John and I just returned from our pilgrimage to Rome and Assisi, and my mind and heart are crowded with images and experiences. In the next few weeks I hope to sort out the high-points and write short reflections. Each day of the pilgrimage included so much that I stopped recording them in my journal and now must depend upon the photographs I took to trigger my thoughts.
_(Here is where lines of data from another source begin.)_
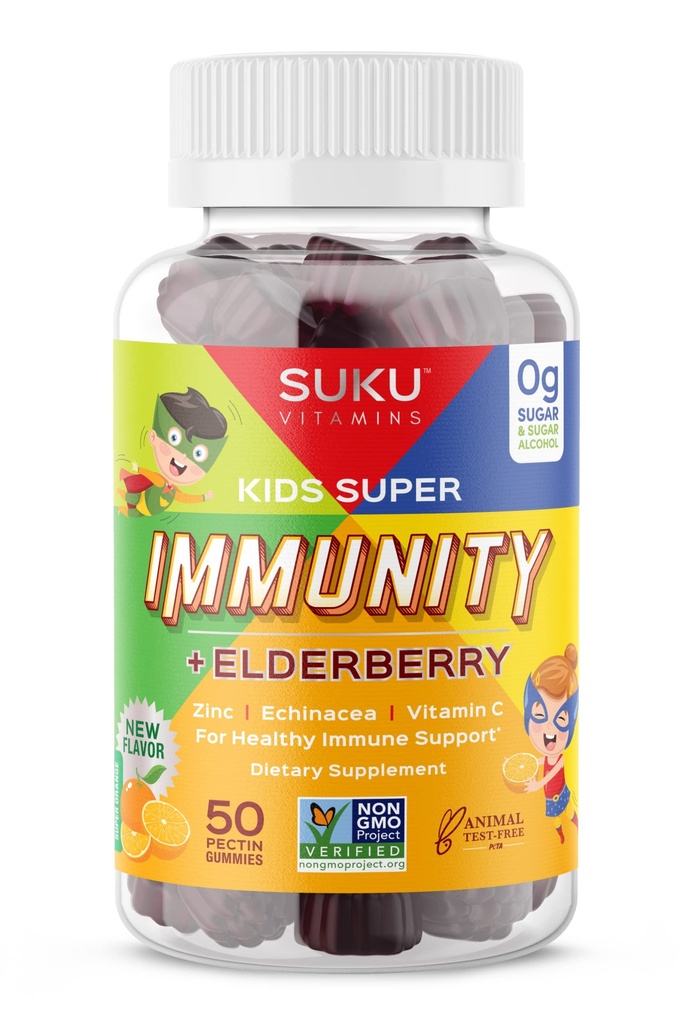 SUKU Witaminy - Dzieci Super Immunitet - Elderberry, Echinacea, Witamina A i Gummeje cynku dla immunologicznego wsparcia - Łatwe do żucia - Nie GMO, Cukier gluten Free - Pomegranat Lime Gumy Witaminy, 50 Hrabia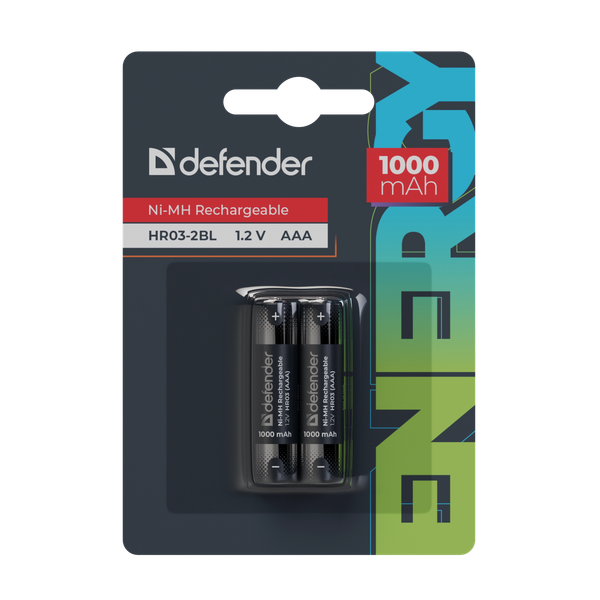 Комплект аккумуляторов Defender HR03-2BL 1000mAh ААА Ni-MH / 56511 - фото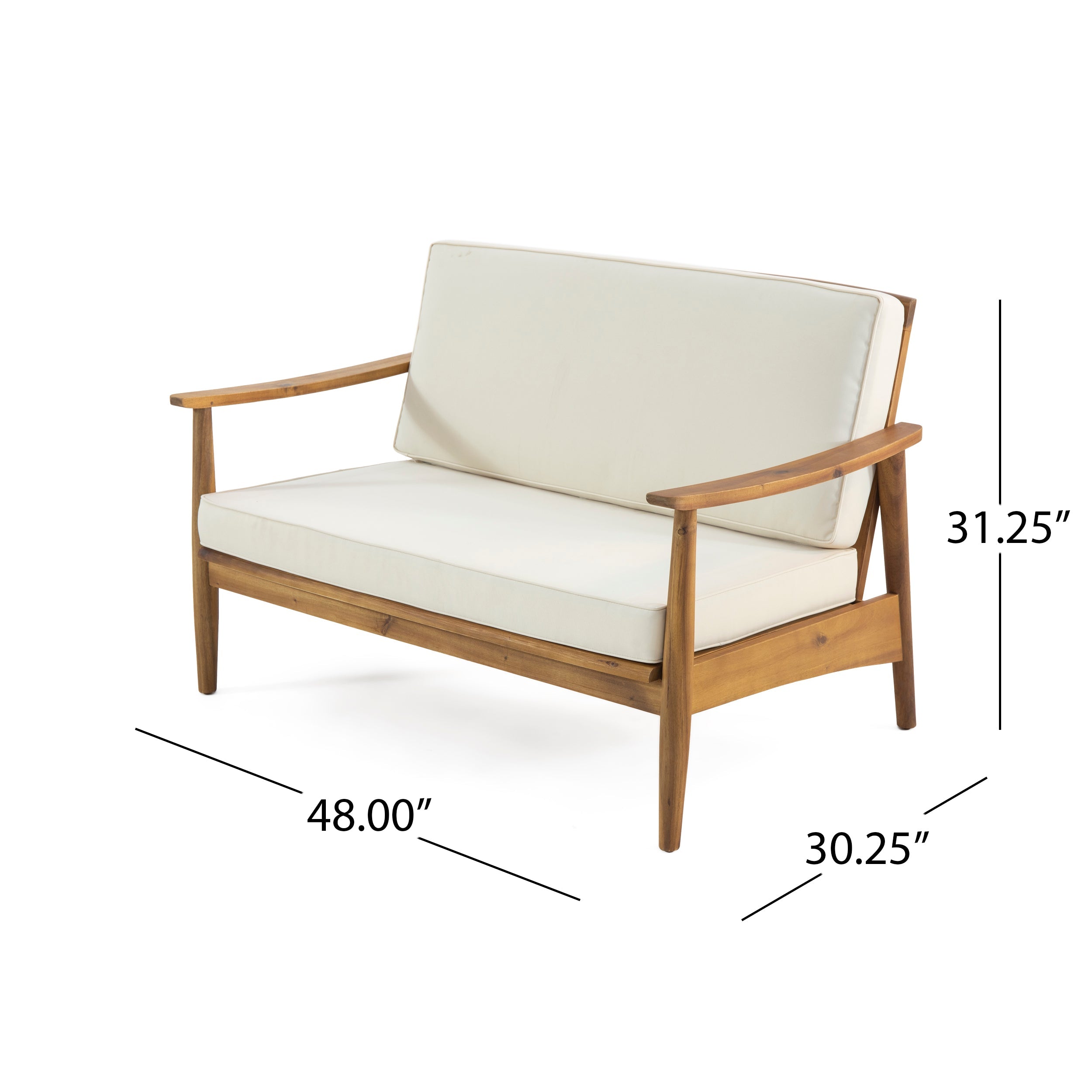 Patio Loveseat and Coffee Table Set with Cushions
Let me begin with what I wrote on September 30th--the day after we arrived in Rome and the first time I took my journal out of my backpack:
The orange sun set behind St. Pietro's House where we are staying for two nights. Both of us are just awakening from deep sleep, a nap following a full day in Rome. Outside, eight floors down from this tiny room, we hear the constant noise of traffic, the voice calling arrival of the trains, the train itself whistling and clicking over the tracks, and children calling to one another. Beneath our window-ledge-sized stone balcony are rows and rows of scooters and motorcycles that workers left parked while they take trains or buses back home from the city.
(below the balcony)
We have four locked doors down from here to street-level. The keys range from an ordinary small red one to an exotically long one that looks as though it came from a medieval stone prison. They were placed in John's hand last night. Weary after 24 hours of travel, we arrived here in front of a locked gate on a street that seemed unlikely to house people. It looked rather like a warehouse district, with an abundance of graffiti. But the cab driver pointed out the street name and number--the same as that on our itinerary. This is the place, he assured us as he drove off. We looked to see if St. Pietro's House was among the names of residents on the other side of the cast iron gate. Aha! The last of the list. I pressed the button. No answer. Pressed it again, and again. Nothing.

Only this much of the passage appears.